Owning a home is so rewarding! But there are a ton of things to consider before you jump in to buying a home.
You might feel nervous about making the wrong decision, overwhelmed with all of the choices, worried you will get in over your head, or just clueless as to where to even begin.
That was us. All of those emotions and feelings were us 4 years ago.
At first, I didn’t even know if we could afford to buy a house or what a credit score even meant!
Where do you even start looking? How much can we afford? Is this the right home for us? What would the mortgage be? How would we budget for it?
We have learned so much along the way! I wish we would have known these things from the beginning!
17 First Time Home Buyer Tips: Everything You Need to Know Before You Buy Your First Home
Things to think about before you start looking:
Should I buy or rent?
Can you afford to buy right now?
Look at your bank account and your budget. Do you have money for a down payment? How much do you make each month?
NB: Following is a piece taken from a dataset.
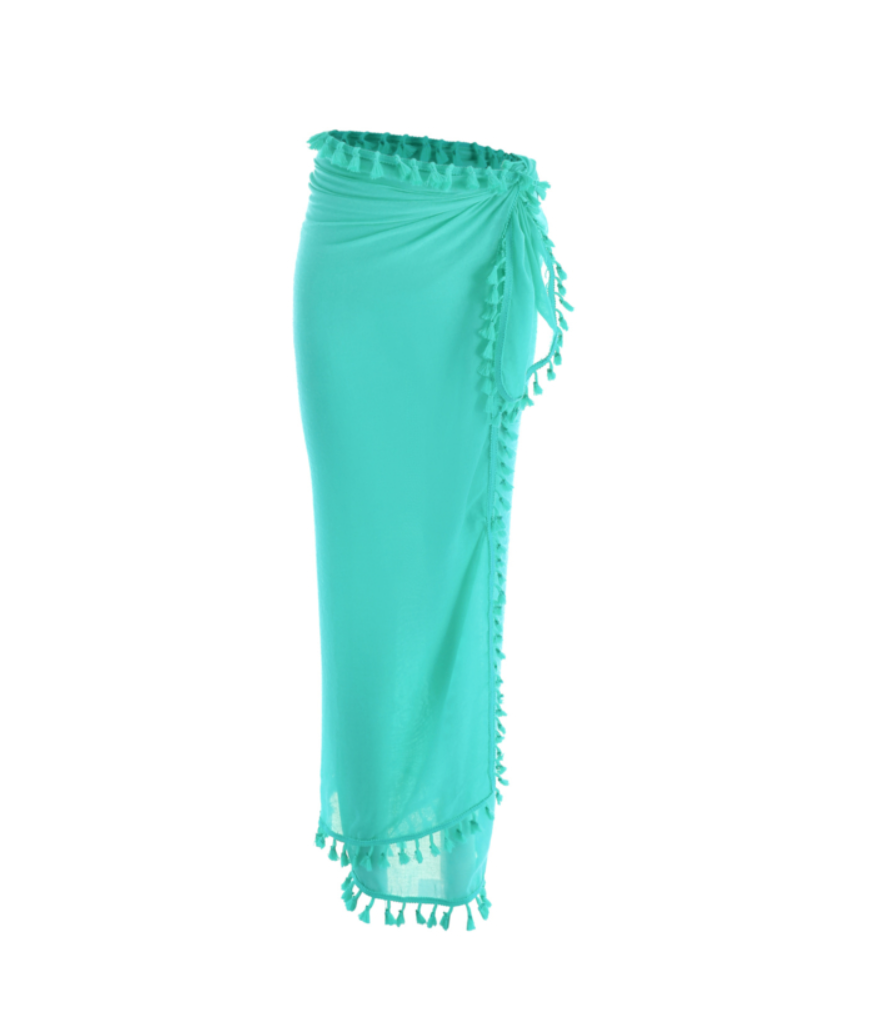 Pareo turquoise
How much can you budget for a mortgage payment?For most conventional loans, 20% down payment is required. There are other loans that don’t require any down payment. Look for first time homebuyer loans or the FHA loan. If you don’t have 20% down payment, you may be required to pay a PMI (private mortgage insurance). This is a separate cost included in your mortgage that you might have to pay if you didn’t have a down payment of 20%.
Think about the expenses you have already. Do you have a car payment, student loans, or credit card debt? Don’t forget about paying those debts off. You don’t want to buy too much house, and not be able to afford to pay those debts as well.
Write it all out. Write down your monthly income, write down all your monthly expenses and debt payments, give yourself some money for gas and groceries, and see what you are left with. Is there a way to make a mortgage payment with all of those expenses? If yes, great! Keep your budget and make sure to set aside that money. If not, maybe wait a little while, work on a stricter budget, and save all you can for a down payment. You could always look into getting a roommate to help offset the cost some.
How much home can you afford?
A standard to determine how much of your income should go to a mortgage payment is around 30%. This will look different for everyone, but look at your budget and see what you have to work with. If you are single, it might be less than 30%. If you are married and both working, you might have a larger percentage.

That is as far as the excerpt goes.